Anxiety is being afraid of your own friends
I have been called out on my tendency to bail on plans twice in the past week. A good friend had a small get-together for me for my birthday, and he mentioned he was afraid I wouldn’t show up.
That broke my heart.
It was only three of us, but he made cupcakes (queercakes, as he called them), had sushi and wine, and made witty birthday signs that he hung throughout his house. He is such a great friend and I’m so thankful for him. So when he mentioned how busy I am and said he was afraid I wouldn’t show up, I felt horrible. Do I really do that to my friends who care for me?
Yep. Yep I do.
And it’s not because I’m busy, or I don’t appreciate them, or I don’t want to see them. It’s because of anxiety. For instance – I really did think about canceling that day. Nothing new, canceling crosses my mind every single time I make plans with someone.

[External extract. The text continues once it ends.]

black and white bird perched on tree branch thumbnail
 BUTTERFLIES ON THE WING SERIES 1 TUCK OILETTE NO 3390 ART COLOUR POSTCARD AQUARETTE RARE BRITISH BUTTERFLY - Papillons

I think I’m going to go out there, and I’m going to have fun! Anxiety be damned! And then as it gets closer to actually going out in public and being around people (who Anxiety says probably don’t really like me anyway), I panic. Most of the time I talk myself out of it, I go, I have fun, I kick Anxiety’s ass. But sometimes I just don’t have it in me, and Anxiety convinces me I’m better off at home, hiding.